**How to complete this task:**
Write down exactly the lines of the records below, beginning with the first and ending with the line that includes "When is the".

== Data for review

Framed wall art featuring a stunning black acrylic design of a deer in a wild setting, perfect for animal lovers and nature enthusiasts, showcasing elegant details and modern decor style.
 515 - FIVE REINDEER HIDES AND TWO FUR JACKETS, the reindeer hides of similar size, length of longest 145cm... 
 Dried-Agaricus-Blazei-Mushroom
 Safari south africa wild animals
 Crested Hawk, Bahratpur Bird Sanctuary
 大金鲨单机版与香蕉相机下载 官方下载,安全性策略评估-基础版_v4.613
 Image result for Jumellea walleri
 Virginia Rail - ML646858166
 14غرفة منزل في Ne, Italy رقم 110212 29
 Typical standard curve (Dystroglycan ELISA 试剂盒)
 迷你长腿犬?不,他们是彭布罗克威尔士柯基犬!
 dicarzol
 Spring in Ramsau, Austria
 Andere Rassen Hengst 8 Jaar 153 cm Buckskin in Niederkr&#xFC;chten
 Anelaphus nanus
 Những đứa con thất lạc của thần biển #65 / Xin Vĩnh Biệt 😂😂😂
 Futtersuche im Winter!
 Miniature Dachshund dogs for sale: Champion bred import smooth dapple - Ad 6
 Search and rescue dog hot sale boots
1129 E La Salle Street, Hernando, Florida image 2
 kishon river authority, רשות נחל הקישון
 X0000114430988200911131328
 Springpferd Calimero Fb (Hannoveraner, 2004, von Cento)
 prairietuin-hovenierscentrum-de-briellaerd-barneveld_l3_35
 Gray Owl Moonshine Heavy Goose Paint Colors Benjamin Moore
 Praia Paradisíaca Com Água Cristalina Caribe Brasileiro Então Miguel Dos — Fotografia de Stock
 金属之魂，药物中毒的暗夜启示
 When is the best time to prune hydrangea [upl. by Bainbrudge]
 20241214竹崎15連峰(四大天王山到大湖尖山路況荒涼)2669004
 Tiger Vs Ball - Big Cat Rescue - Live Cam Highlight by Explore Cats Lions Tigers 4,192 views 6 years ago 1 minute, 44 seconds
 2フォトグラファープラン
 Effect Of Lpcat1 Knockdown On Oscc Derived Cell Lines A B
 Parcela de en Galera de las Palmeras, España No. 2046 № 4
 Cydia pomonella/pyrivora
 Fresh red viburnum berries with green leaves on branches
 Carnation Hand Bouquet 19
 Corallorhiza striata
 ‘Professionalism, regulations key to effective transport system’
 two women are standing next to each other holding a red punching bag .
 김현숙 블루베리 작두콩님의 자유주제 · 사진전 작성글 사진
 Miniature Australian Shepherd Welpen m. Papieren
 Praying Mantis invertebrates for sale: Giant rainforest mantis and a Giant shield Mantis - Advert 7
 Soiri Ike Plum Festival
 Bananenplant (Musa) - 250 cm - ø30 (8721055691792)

====

**Result for this exercise:**
Framed wall art featuring a stunning black acrylic design of a deer in a wild setting, perfect for animal lovers and nature enthusiasts, showcasing elegant details and modern decor style.
 515 - FIVE REINDEER HIDES AND TWO FUR JACKETS, the reindeer hides of similar size, length of longest 145cm... 
 Dried-Agaricus-Blazei-Mushroom
 Safari south africa wild animals
 Crested Hawk, Bahratpur Bird Sanctuary
 大金鲨单机版与香蕉相机下载 官方下载,安全性策略评估-基础版_v4.613
 Image result for Jumellea walleri
 Virginia Rail - ML646858166
 14غرفة منزل في Ne, Italy رقم 110212 29
 Typical standard curve (Dystroglycan ELISA 试剂盒)
 迷你长腿犬?不,他们是彭布罗克威尔士柯基犬!
 dicarzol
 Spring in Ramsau, Austria
 Andere Rassen Hengst 8 Jaar 153 cm Buckskin in Niederkr&#xFC;chten
 Anelaphus nanus
 Những đứa con thất lạc của thần biển #65 / Xin Vĩnh Biệt 😂😂😂
 Futtersuche im Winter!
 Miniature Dachshund dogs for sale: Champion bred import smooth dapple - Ad 6
 Search and rescue dog hot sale boots
1129 E La Salle Street, Hernando, Florida image 2
 kishon river authority, רשות נחל הקישון
 X0000114430988200911131328
 Springpferd Calimero Fb (Hannoveraner, 2004, von Cento)
 prairietuin-hovenierscentrum-de-briellaerd-barneveld_l3_35
 Gray Owl Moonshine Heavy Goose Paint Colors Benjamin Moore
 Praia Paradisíaca Com Água Cristalina Caribe Brasileiro Então Miguel Dos — Fotografia de Stock
 金属之魂，药物中毒的暗夜启示
 When is the best time to prune hydrangea [upl. by Bainbrudge]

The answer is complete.